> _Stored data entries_
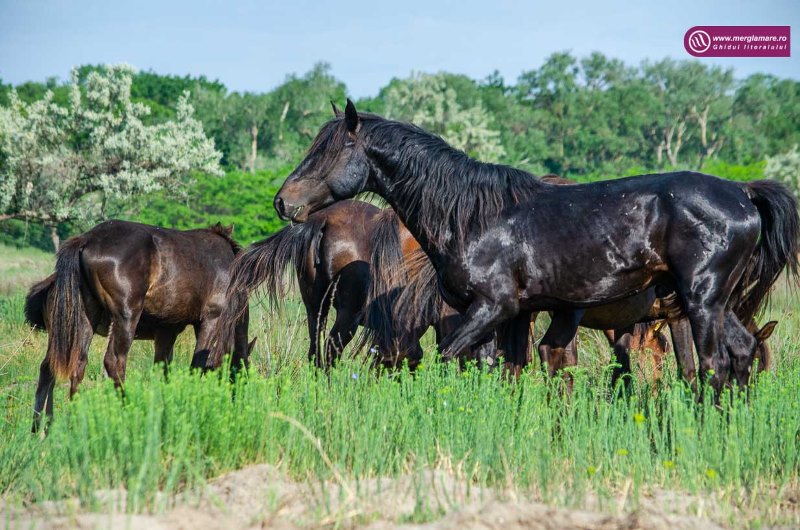Лес диких коней: уникальное место в румынской Дельте Дуная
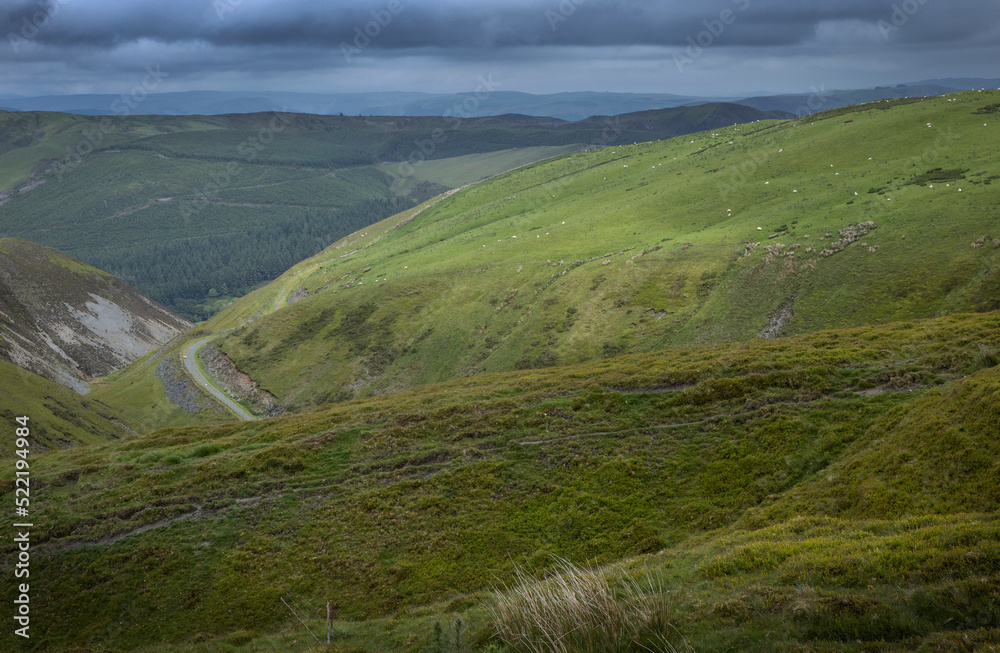 hills and meadows, vistas, aberystwyth, ceredigion, wales, england, uk, great brittain, road, 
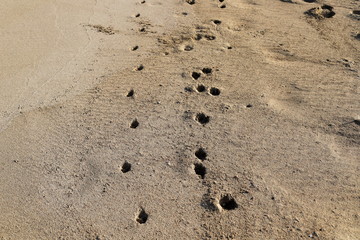 footprints in the sand on the shores of the Mediterranean Sea in the north of Israel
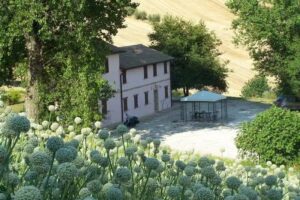 La Quercia del Saggio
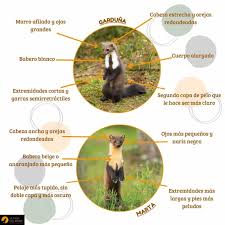 Attēlu rezultāti vaicājumam “Martes”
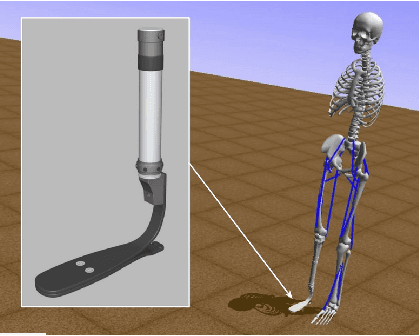 Figure 1 for Transfer Learning for Prosthetics Using Imitation Learning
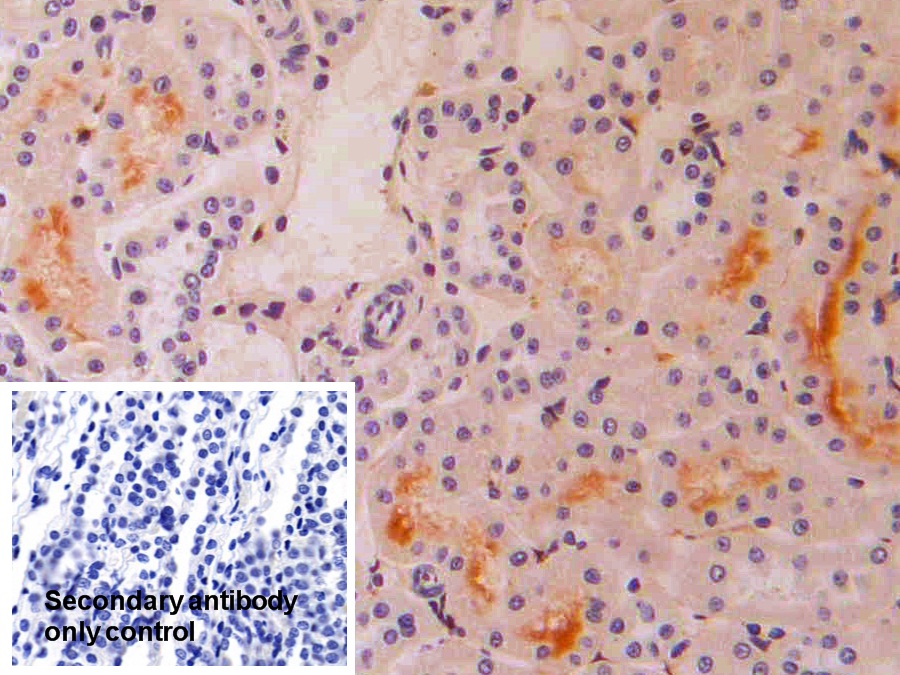 干擾素α4(IFNa4)多克隆抗體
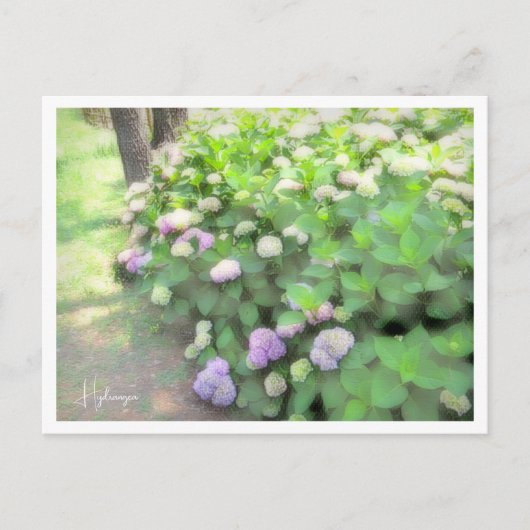 Hydrangea Briefkaart (Voorkant)
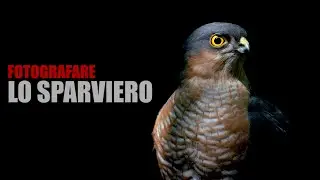 FOTOGRAFARE LO SPARVIERO - Fotografia naturalistica da capanno fisso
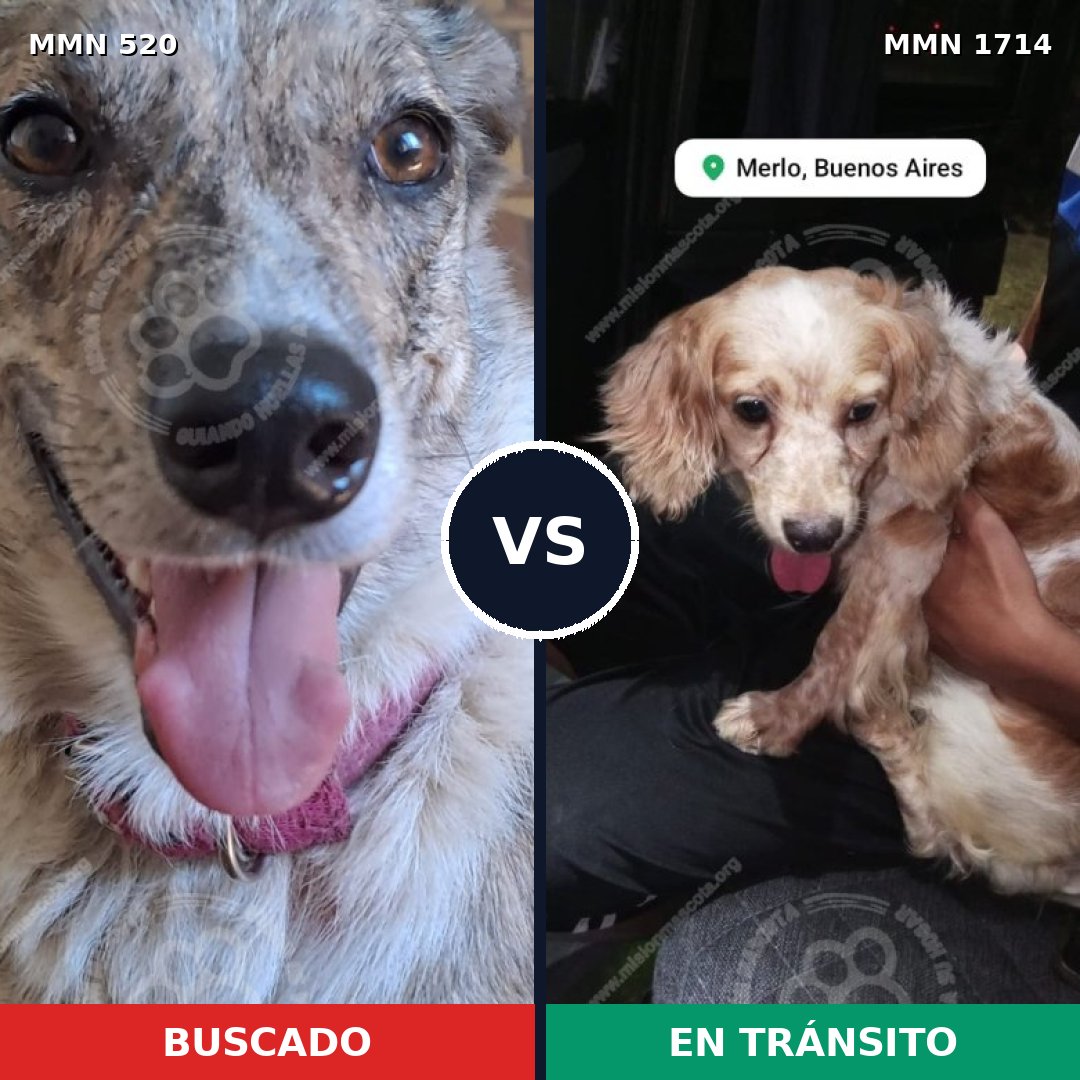 Comparativa MMS 37923: mascota perdida y mascota encontrada, 36% de similitud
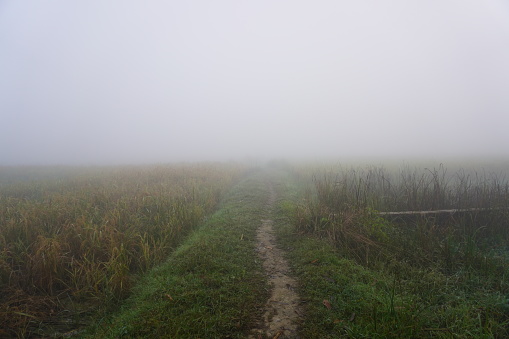 The moistened sawdust conditions in the morning. fog trail in the village morning fog.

> _Exercise prompt_
Every line from the one holding "FOTOGRAFARE LO SPARVIERO" through the final line of the data above is to be reproduced exactly, both ends included, with the pictures left out.

> _Problem solution_
 FOTOGRAFARE LO SPARVIERO - Fotografia naturalistica da capanno fisso
 Comparativa MMS 37923: mascota perdida y mascota encontrada, 36% de similitud
 The moistened sawdust conditions in the morning. fog trail in the village morning fog.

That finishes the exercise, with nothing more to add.